Morgan: 54.5-45.5 to Labor

Morgan offers the first federal poll since the Christmas/New Year break, and while the Coalition is up, it’s unclear if this marks an improvement in its position or a correction after a rogue result last time.

Roy Morgan breaks the New Year polling drought with its regular face-to-face plus SMS polling compiled from surveys over the two previous weekends, in this case with a sample of 2622 (Morgan typically gets about 3000, so this might be seen as an insight into the challenges of polling over the holiday period). It is a better result from the Coalition than the previous poll conducted in early December, which had a rogue-ish 57.5-42.5 headline lead to Labor, compared with 53.5-46.5 at the poll in late November. This time the Labor lead is 54.5-45.5, from primary votes of 38.5% for both the Coalition (up 3.5%) and Labor (down 2.5%), 9.5% for the Greens (down two) and 2% for Palmer United (steady). When preferences are applied according to the 2013 election result rather than respondent allocation, Labor’s lead is 53-47, down from 56.5-43.5 last time and back where it was in late November.

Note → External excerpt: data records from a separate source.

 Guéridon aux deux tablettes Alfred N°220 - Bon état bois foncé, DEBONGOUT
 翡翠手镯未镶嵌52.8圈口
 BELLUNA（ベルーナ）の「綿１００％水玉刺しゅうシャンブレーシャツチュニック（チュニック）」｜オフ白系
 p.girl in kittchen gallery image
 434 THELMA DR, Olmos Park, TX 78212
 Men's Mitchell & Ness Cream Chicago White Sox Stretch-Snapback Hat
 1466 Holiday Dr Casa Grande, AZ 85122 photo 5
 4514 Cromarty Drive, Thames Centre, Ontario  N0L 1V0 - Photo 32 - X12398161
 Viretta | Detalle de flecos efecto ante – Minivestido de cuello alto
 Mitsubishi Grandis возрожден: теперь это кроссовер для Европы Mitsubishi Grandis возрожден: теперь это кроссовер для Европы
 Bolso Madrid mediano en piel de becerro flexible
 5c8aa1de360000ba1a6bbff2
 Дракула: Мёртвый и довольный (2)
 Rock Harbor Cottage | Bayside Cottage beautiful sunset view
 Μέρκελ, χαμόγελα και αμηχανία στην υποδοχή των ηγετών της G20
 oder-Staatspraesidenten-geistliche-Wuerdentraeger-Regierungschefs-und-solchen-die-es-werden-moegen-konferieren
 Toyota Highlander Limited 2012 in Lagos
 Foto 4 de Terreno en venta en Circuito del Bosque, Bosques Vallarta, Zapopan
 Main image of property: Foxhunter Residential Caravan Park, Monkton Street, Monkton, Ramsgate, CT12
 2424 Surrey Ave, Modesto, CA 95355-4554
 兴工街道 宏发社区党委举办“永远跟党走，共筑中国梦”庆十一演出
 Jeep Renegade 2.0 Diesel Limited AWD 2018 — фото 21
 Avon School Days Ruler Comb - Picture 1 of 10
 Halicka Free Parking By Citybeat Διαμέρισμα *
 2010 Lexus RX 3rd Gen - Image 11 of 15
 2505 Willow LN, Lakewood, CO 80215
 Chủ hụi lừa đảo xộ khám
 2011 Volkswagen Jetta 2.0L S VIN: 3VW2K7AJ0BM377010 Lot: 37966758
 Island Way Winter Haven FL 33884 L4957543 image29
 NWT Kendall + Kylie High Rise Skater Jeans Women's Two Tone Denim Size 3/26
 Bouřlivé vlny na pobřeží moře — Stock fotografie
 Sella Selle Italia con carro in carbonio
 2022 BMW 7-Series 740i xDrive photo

UPDATE (Essential Research): Certainly no sign of any Coalition recovery in the debut Essential Research poll for the year, which being the first deviates from normal form in not being a rolling average combined two weeks of results. The poll has Labor leading 54-46 on two-party preferred, compared with 52-48 in the last poll of last year, from primary votes of 40% for Labor (up two), 38% for the Coalition (down two), 10% for the Greens (steady) and 2% for Palmer United (steady). Also featured are Essential’s monthly personal ratings, and here at least there is better news for Tony Abbott who reverses a slump in December to be up five points on approval to 37%, with disapproval down two to 53%. However, Bill Shorten is up four on approval to 39% and down six on disapproval to 33%, so perhaps this is festive cheer talking. Shorten remains ahead on preferred prime minister, although his lead has narrowed from 36-31 to 37-35. Further questions relate to penalty rates, and bode ill for the cause of deregulation. Eighty-one per cent support penalty rates as a basic principle with 13% opposed, 68% would oppose cutting them with 23% supportive, and only 18% believe encouraging employment would be the more likely result of doing so, compared with 63% for business making bigger profits.

Author: William Bowe

William Bowe is a Perth-based election analyst and occasional teacher of political science. His blog, The Poll Bludger, has existed in one form or another since 2004, and is one of the most heavily trafficked websites on Australian politics.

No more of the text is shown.